Can the lowest-priced DSLR deliver big-ticket images?

A higher-end camera than expected.






NIKON D50

Best suited for:
  • Sports photography
  • Photojournalism
  • Travel/vacation photography
  • Scenics (limited image size)
  • Wedding/event photography
  • Family snapshots
  • Macro photography (Macro lens necessary)
User profile:
  • First-time DSLR buyers
  • Nikon film SLR owners who want to add a DSLR
  • Pro or hobbyists who need a backup Nikon DSLR body.
When it was introduced last year, the 6.1MP Nikon D50 was touted as offering customers "the thrill of Nikon digital SLR performance" for a very un-Nikon-like price of $899.95, including the 18-55mm f/3.5-5.6G ED kit lens.
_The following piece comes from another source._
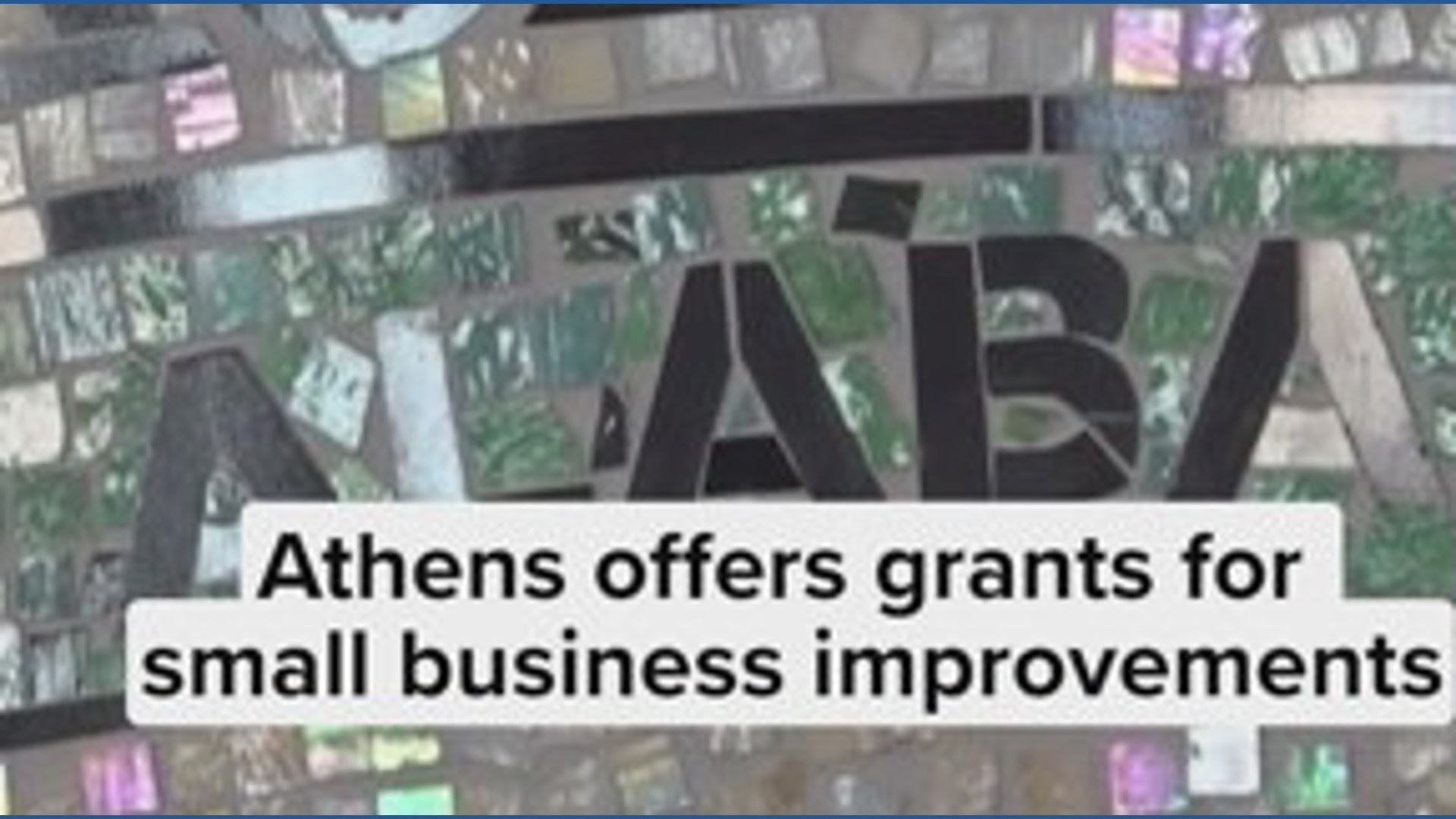 Policies, procedures and processes - business.gov.au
Half a year later, it's now selling for $669.95 with the kit lens ($569.95 without it), making the D50 one of the least expensive digital SLRs currently on the market (see chart).

At a price that's not much more than an EVF camera, does the D50 give a true SLR performance? Let's find out.

Price comparison of entry-level DSLR bodies (as of Jan. 12, 2006)
Nikon D50 6.1MP $569.95
Konica-Minolta Maxxum 5D 6.1MP $599.95
Olympus EVOLT-300 8MP $619.95
Olympus EVOLT 8MP $619.95
Pentax *ist-DL Super 6.1MP $629.95
Canon Digital Rebel XT 8MP $789.95
A look at the camera

The first thing I noticed when I unpacked the D50 was that the camera seemed sturdier in build than I'd expected for a "low-end" DSLR. The crackle-finish black body has a generous-sized rubberized grip in front and a slightly raised thumb rest in back, making it very comfortable to hold.

With a polycarbonate body and metal frame, the camera feels quite solid. At 1 pound 3 ounces and measuring 5.2x4x3 inches, the D50 is a tad heavier and slightly larger than most other cameras in its class, as befits a camera with a metal chassis. It's fairly streamlined, and most controls are logically placed; some of the controls found on the D70 have been moved into menus.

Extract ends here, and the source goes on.